TASK TO CARRY OUT: There is material below. Print exactly the lines starting at the line with "thumbnail image 7" and ending at the line with "StrongPower Elektrická zásuvka", ends included, and no others.

PROVIDED DATA:
============================================================
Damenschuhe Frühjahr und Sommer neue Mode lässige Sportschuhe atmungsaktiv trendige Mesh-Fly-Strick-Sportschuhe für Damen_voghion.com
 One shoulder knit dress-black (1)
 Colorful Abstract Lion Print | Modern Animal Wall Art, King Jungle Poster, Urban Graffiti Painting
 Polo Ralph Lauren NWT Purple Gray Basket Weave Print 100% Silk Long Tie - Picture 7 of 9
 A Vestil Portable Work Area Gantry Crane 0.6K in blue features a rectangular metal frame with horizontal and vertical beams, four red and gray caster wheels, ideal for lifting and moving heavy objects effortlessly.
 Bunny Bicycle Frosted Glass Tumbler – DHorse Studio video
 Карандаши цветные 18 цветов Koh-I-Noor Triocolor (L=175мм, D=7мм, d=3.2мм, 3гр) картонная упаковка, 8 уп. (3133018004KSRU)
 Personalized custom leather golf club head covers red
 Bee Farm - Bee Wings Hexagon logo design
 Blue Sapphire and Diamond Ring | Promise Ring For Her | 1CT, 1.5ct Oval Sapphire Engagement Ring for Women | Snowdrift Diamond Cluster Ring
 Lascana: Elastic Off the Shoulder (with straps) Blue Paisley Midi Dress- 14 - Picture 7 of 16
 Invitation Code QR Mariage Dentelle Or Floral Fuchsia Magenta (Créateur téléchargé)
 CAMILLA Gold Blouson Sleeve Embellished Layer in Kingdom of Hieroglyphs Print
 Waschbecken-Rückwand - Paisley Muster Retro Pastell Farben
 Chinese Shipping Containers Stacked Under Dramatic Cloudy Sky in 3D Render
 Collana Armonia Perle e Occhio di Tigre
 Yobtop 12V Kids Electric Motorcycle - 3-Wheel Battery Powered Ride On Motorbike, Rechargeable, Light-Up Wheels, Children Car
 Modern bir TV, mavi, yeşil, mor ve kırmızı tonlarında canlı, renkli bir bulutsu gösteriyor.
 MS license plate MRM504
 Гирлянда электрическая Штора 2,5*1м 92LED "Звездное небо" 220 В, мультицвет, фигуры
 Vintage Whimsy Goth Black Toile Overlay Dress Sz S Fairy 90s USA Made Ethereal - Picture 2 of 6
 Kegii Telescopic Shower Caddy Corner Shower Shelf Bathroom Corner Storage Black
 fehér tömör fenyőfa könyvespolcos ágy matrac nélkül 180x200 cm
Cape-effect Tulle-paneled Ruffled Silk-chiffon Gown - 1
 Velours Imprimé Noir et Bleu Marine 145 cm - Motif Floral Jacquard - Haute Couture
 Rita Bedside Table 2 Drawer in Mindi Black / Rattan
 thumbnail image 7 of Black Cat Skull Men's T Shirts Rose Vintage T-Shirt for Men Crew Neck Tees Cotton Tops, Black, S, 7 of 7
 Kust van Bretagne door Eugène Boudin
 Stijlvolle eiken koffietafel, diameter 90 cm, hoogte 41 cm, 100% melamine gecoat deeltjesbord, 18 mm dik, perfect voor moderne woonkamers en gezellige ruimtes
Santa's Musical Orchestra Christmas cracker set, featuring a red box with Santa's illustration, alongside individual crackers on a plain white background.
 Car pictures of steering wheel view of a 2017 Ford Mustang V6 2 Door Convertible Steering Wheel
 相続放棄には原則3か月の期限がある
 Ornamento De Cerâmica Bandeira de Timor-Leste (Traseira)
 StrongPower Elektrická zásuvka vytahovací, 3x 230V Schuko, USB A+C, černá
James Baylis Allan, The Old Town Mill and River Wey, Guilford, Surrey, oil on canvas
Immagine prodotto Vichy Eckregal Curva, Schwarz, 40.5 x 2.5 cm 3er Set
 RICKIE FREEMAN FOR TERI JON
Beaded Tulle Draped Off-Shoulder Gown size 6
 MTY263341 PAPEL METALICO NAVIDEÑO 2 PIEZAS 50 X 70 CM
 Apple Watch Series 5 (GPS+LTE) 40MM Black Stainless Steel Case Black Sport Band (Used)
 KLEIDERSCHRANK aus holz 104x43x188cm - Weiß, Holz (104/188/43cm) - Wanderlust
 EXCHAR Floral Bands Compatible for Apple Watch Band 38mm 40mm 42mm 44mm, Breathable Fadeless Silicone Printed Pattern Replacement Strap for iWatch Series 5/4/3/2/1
============================================================
RESULT:
 thumbnail image 7 of Black Cat Skull Men's T Shirts Rose Vintage T-Shirt for Men Crew Neck Tees Cotton Tops, Black, S, 7 of 7
 Kust van Bretagne door Eugène Boudin
 Stijlvolle eiken koffietafel, diameter 90 cm, hoogte 41 cm, 100% melamine gecoat deeltjesbord, 18 mm dik, perfect voor moderne woonkamers en gezellige ruimtes
Santa's Musical Orchestra Christmas cracker set, featuring a red box with Santa's illustration, alongside individual crackers on a plain white background.
 Car pictures of steering wheel view of a 2017 Ford Mustang V6 2 Door Convertible Steering Wheel
 相続放棄には原則3か月の期限がある
 Ornamento De Cerâmica Bandeira de Timor-Leste (Traseira)
 StrongPower Elektrická zásuvka vytahovací, 3x 230V Schuko, USB A+C, černá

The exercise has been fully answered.